Hauntings

Disclaimer: these experiences were not emf-ed, evp-ed or in any way investigated.  Florida is hot and perhaps lends to hallucinations.  So I tell these stories without the benefit of a Hans Holzer type, James Randi or the three sillies from Ghost Adventures to debunk my claims or give me a million dollars.  They happened and that is all I can say about them.

P and I traveled through central Florida and found many delightful things.  We also found many things not so easy to explain.  When in Lake Wales we found an old hotel.  A hotel that made P call the proper people and we had an hour to explore its decay.   We both raced around trying to make the most of the hour and often we found ourselves on different floors of the hotel.

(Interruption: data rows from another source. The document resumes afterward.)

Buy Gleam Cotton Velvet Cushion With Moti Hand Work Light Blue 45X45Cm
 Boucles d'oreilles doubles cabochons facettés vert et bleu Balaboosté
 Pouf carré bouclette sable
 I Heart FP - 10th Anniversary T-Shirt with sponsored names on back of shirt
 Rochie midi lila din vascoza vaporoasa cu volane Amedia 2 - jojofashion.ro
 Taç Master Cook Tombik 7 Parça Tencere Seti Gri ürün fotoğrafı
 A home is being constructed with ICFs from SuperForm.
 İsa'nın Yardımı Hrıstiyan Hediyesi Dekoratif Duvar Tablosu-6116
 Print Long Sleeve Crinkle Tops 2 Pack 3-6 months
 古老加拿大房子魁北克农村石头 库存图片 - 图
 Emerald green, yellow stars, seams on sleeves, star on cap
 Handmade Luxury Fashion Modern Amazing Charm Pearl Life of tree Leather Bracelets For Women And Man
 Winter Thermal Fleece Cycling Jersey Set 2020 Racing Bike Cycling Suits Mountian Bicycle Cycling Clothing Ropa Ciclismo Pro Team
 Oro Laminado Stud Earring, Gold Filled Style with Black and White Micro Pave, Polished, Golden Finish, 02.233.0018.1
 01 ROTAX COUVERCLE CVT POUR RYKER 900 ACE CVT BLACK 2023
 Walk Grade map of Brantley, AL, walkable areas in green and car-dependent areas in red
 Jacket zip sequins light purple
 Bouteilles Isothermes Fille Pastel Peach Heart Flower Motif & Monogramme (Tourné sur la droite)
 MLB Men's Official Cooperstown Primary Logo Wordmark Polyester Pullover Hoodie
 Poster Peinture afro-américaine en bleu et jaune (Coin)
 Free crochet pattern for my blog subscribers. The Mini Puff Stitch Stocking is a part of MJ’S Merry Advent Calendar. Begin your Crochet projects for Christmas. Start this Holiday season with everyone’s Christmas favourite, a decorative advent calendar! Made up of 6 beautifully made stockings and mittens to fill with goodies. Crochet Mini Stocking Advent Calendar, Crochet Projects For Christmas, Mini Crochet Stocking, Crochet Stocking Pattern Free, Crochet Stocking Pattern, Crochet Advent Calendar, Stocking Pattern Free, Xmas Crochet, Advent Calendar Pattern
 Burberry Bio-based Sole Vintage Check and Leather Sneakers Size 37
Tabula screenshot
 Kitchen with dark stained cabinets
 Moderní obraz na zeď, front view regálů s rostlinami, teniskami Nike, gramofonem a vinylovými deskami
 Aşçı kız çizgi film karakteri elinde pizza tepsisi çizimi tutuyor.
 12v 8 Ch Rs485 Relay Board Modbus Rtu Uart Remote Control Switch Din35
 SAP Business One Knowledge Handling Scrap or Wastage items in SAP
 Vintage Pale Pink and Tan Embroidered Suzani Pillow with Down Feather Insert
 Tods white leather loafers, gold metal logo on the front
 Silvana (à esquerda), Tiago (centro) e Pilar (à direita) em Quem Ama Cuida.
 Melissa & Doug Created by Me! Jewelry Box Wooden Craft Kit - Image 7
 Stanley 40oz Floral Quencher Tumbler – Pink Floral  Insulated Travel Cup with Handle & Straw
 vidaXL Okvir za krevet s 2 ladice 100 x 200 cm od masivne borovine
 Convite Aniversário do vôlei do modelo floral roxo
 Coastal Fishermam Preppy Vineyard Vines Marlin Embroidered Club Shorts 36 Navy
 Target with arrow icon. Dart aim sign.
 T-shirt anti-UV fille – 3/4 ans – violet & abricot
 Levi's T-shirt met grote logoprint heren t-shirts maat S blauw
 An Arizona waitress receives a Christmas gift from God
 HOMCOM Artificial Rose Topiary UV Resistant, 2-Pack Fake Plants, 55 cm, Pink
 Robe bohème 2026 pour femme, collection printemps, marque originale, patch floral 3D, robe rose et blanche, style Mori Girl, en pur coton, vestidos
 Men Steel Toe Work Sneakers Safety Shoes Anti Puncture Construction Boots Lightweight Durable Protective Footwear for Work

The first floor level should be, according to plan, restored with store fronts by now.  Everything seemed to be signed and ready to restore this decaying Grand Hotel.  I haven’t been back so there is no way of me knowing.  Google has kept those secrets from me.  They were still excavating last June.  I’m sure it will be amazing as the people in charge seem to want to keep as much of the original building as possible.  Go if you can it is worth a long drive.  And eat at Norby’s and thank me later.

On one floor I saw what I can only describe as a shadow man.  He was blacker than the darkness that surrounded me and solid figure.  He was among the rubble.  “We” both seemed surprised to run into to each other and I watched him lean over and dissolve into the debris.  I regained my composure and took an uneventful picture.  Skunked again!  I wonder if I hadn’t been rendered senseless if a picture would have captured his shape.

I took this moments after the shadow man disappeared into the rubble on the lower left.

The elevator was not working in fact the shaft was empty so we took the stairs.  On the staircase there was a bible open to the book of revelations and an A and O in the basement. Alpha and Omega indeed followed us here.  We wondered what it meant if anything at all.  I wish I went to the top floor but I didn’t want to over stay my welcome.  I became increasingly uneasy the higher I climbed.  I commented to one of the men who let us in that the hotel felt weirder and weirder the higher the floor.  He said, “Doesn’t it though!”  I left it at that but I wish I pressed him for stories.

I’m sure it is all cleared by now and the remains of the last attempted renovations are history.  A local woman told P and me that the hotel was cursed.   It always lost money, was built by a ne’er do well and no one wanted it. It had stayed empty as long as she could remember.  She was young so may not have remember it had been operating in the 80’s.  True it has failed time and again since the 20’s but I’d take it.  After I evicted shadow men of course.

P and I often have at least one guilty pleasure on our travels in the form of Cracker Barrel.  It is a long-standing tradition ever since I kept accidentally taking us to Arkansas when driving in Memphis.  There was a Cracker Barrel on the border where we had dinner on our last night in Tennessee.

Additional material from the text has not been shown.